Friday, August 27, 2010

Ken Mehlman's Coming Out: Looking beyond the anger.

Now that we've had a couple of days to think about former Republican National Committee Chairman Ken Mehlman's coming out, maybe we can take a moment to look beyond his past sins against our community -- and they are many -- and think about what this means to our ongoing struggle for full equality.

Ken Mehlman said in his interview in The Atlantic that he wants to work for marriage equality now and it appears he is serious about it. The Huffington Post reports, "The impetus for Mehlman's coming-out was a Sept. 22 fundraiser for the American Foundation for Equal Rights, which is fighting for marriage equality in California. Mehlman will co-chair the event with Elmendorf and high-profile Republicans including Steve Schmidt, who managed John McCain's 2008 presidential campaign, and Nicolle Wallace, who advised both McCain and President George W. Bush."

Andy Towle of reports, "Ken Mehlman is chairing a major fundraiser in late September that has already raised over $1 million for the organization battling Prop 8. The fundraiser is co-chaired by prominent Republican donors Paul Singer and Peter Thiel and will be held at Singer's home."
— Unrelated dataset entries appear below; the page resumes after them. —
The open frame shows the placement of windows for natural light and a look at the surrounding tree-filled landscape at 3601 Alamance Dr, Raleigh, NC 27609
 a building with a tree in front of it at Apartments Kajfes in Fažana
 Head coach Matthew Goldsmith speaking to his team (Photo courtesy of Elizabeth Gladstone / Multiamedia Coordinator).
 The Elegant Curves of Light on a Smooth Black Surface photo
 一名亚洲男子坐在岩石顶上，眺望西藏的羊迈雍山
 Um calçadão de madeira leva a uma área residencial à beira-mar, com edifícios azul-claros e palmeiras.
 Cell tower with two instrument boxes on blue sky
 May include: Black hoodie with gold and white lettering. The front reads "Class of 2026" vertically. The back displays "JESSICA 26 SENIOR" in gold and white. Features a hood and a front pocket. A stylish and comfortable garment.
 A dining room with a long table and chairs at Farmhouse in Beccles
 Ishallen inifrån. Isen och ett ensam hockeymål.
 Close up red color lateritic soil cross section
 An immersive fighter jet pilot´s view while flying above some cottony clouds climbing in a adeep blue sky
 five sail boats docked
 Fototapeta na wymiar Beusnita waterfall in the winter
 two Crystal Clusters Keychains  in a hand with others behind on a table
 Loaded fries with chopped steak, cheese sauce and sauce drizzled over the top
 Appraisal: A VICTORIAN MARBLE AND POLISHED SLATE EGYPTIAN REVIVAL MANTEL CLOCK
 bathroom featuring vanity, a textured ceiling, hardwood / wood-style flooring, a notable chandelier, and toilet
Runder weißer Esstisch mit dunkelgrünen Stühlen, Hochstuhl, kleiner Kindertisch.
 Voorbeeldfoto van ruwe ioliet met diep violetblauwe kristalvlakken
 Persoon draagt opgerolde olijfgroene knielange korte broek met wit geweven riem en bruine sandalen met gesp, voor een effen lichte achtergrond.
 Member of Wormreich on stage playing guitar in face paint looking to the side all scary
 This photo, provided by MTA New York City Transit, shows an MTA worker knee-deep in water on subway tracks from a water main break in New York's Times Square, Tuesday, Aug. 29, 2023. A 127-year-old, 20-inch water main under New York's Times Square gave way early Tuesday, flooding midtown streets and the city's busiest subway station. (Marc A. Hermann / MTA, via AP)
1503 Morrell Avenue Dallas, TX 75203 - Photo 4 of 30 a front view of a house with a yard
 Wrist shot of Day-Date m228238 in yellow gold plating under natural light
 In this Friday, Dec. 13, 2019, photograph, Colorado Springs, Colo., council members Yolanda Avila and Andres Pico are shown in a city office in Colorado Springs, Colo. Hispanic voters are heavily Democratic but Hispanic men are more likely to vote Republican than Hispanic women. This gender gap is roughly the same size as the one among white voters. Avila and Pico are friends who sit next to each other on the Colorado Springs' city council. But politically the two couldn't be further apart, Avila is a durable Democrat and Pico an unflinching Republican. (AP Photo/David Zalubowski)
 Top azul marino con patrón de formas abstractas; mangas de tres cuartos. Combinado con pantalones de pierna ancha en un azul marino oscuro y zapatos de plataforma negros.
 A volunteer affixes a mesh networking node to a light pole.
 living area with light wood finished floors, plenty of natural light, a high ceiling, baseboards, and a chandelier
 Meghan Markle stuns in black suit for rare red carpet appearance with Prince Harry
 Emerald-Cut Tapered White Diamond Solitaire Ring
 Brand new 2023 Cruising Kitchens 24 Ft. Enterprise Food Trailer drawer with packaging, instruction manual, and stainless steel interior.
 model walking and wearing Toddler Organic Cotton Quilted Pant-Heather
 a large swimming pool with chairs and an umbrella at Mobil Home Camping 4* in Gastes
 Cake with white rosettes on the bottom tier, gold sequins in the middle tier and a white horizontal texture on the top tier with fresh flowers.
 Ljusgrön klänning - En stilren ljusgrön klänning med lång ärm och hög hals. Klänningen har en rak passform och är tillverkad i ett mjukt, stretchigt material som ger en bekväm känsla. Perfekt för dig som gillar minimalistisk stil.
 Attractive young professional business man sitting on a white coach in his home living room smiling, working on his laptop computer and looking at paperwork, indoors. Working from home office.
Oscar Award winning director Dustin Lance Black (Milk), board member of the American Foundation for Equal Rights talked about that fundraiser, telling The Atlantic, "Ken represents an incredible coup for the American Foundation for Equal Rights. We believe that our mission of equal rights under the law is one that should resonate with every American. As a victorious former presidential campaign manager and head of the Republican Party, Ken has the proven experience and expertise to help us communicate with people across each of the 50 states."

The fact is, Ken Mehlman is still a very powerful and influential politico with some very powerful and influential contacts. If we're going to win full equality, we're going to need more than 50% of the voting public on our side and we've got to work with people we may not like. There is an old saying, "The enemy of my enemy is my friend." Our enemy is homophobia and we've got to work with anyone who can help us win the fight, regardless of their party affiliation. Let's face it, the do-nothing Democrats haven't been there for us.

Personally, I believe in the power of redemption and in the forgiveness of past sins. But redemption takes time and a great deal of sincere effort. You can't just announce one day that you've changed your ways and expect everyone to embrace you. You have to prove yourself through your actions. Forgiveness has to be asked for and earned. Ken Mehlman is off to a good start, but he's got a lot of work to do to prove himself to the community he offered up as sacrifice to achieve the power and wealth that he now enjoys. It's way too soon to forgive and we should never forget.

Mehlman's coming out could signal a turning point in the way the GOP views the LGBT Community. The Meghan McCains out there have indicated that there is hope for the next generation of conservatives. Recent surveys show that young evangelicals are opting out of churches that are more focused on fighting gay rights and abortion rights than they are on spreading the message of loving thy neighbor and peaceful coexistence. Bill O'Rielly, Glenn Beck, Elisabeth Hasselbeck and even Ann Coulter have recently demonstrated a willingness to be, at the very least, less hostile toward LGBT Americans.

The world is changing because of the work we've done up to this point. Let's not be so focused on hating the haters that we fail to adapt to the very change we are seeking to create.